=== Stored data ===
================

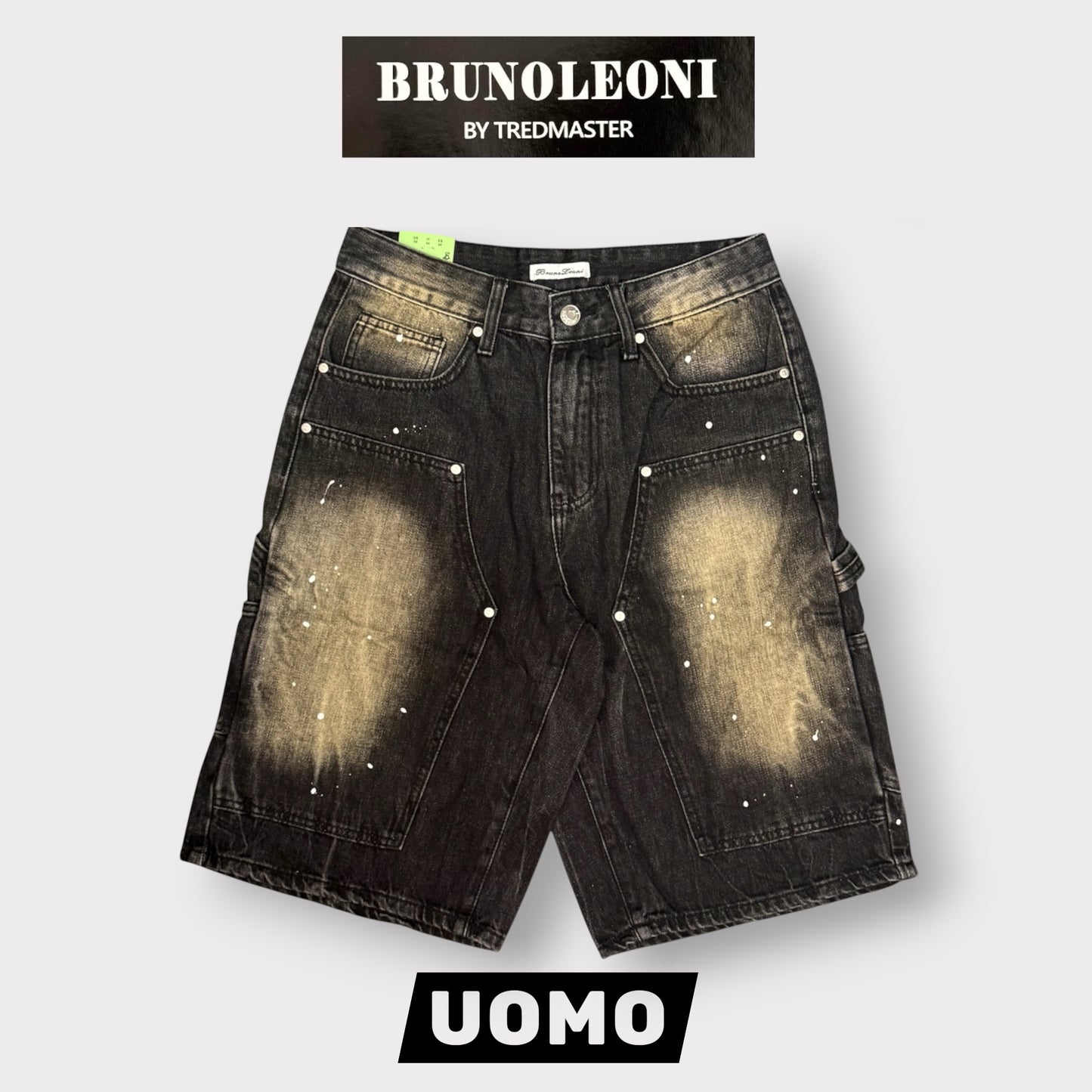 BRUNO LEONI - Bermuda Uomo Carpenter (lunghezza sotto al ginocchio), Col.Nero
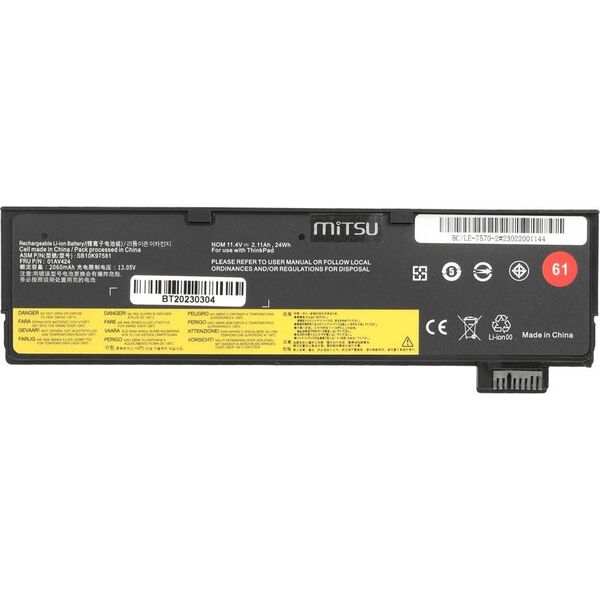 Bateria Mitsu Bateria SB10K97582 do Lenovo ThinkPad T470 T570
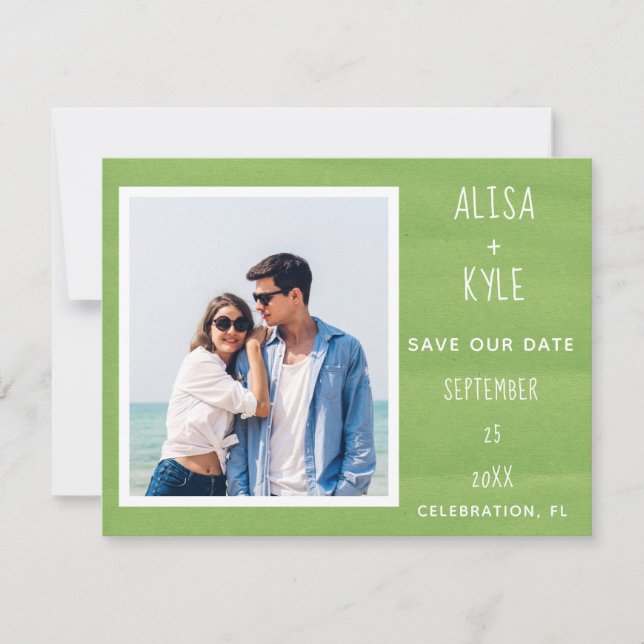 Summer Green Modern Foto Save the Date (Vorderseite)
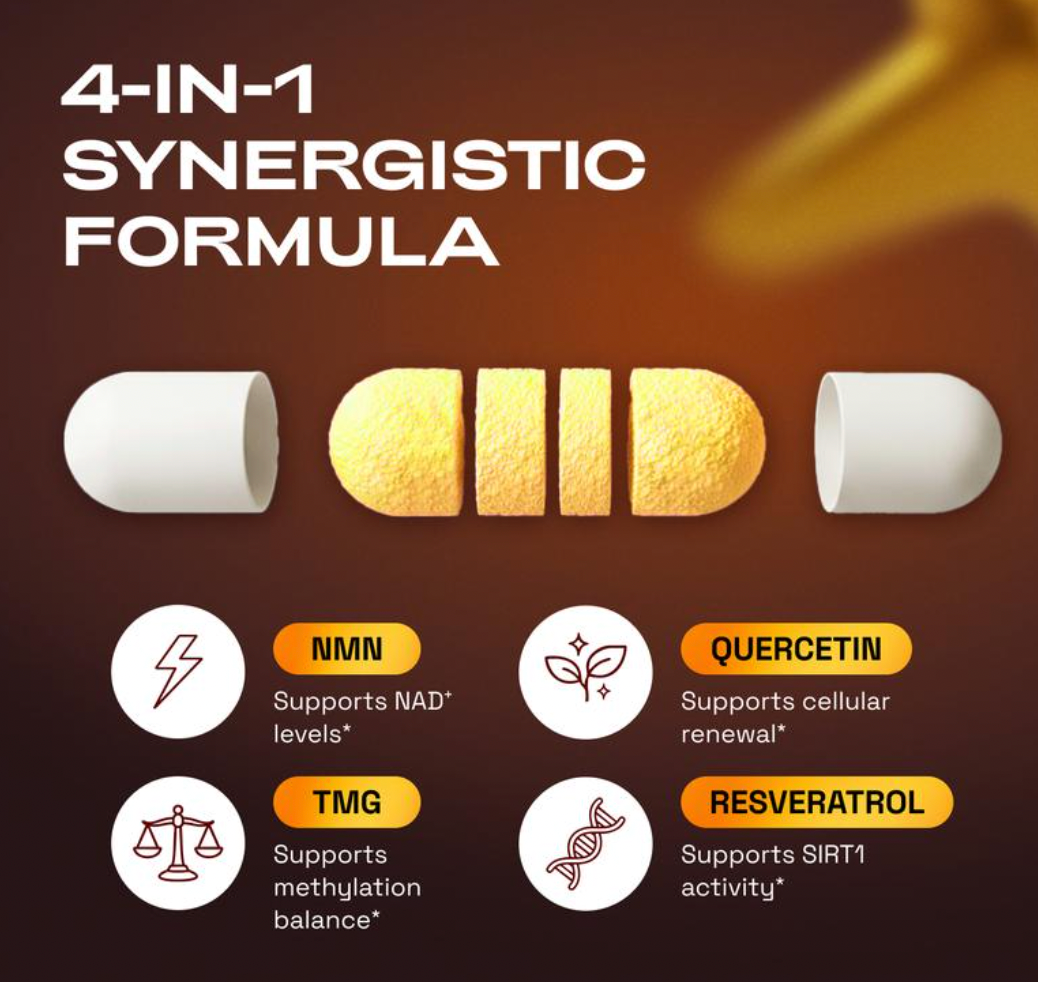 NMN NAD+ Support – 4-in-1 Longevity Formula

================

Keep the pictures out, and write out the rest of the data above word for word.

=== Completed exercise ===
 BRUNO LEONI - Bermuda Uomo Carpenter (lunghezza sotto al ginocchio), Col.Nero
 Bateria Mitsu Bateria SB10K97582 do Lenovo ThinkPad T470 T570
 Summer Green Modern Foto Save the Date (Vorderseite)
 NMN NAD+ Support – 4-in-1 Longevity Formula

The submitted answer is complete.